**DATA SHOWN**

———

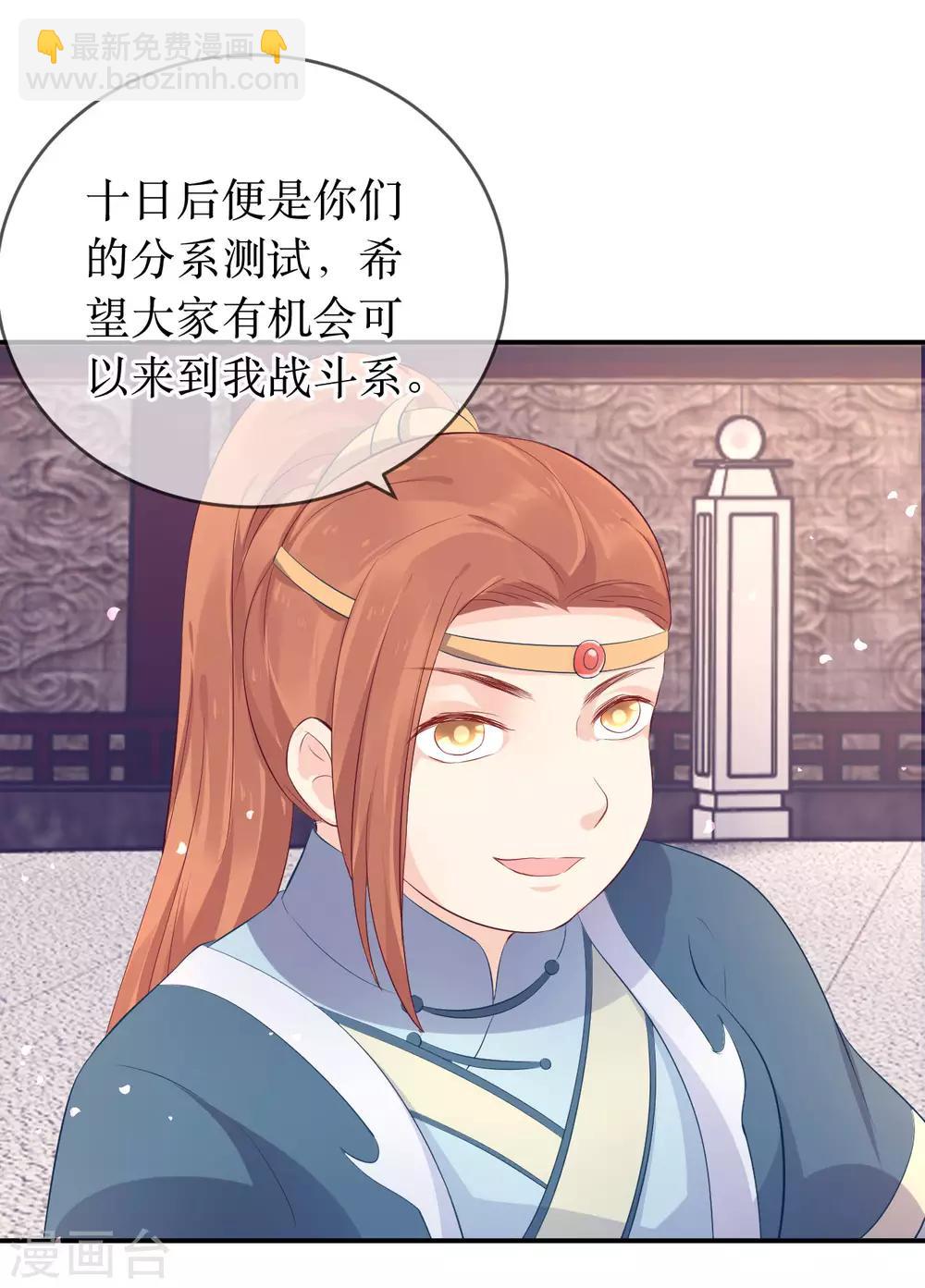 龍王妃子不好當 - 第115話 龍老師難道喜歡她嗎？ - 4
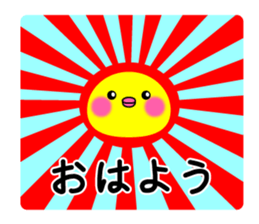 2017 Sticker sticker #14385373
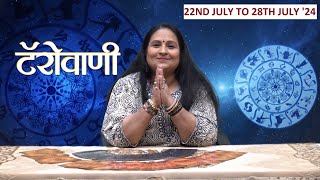 Ketna Sheth - Tarotwani 22nd July to 28th July' 24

———

**EXERCISE DESCRIPTION**
Leaving the pictures aside, copy exactly and only the lines from the one holding "2017 Sticker sticker #14385373" through the final line of the data, both ends kept.

**RESULT**
 2017 Sticker sticker #14385373
 Ketna Sheth - Tarotwani 22nd July to 28th July' 24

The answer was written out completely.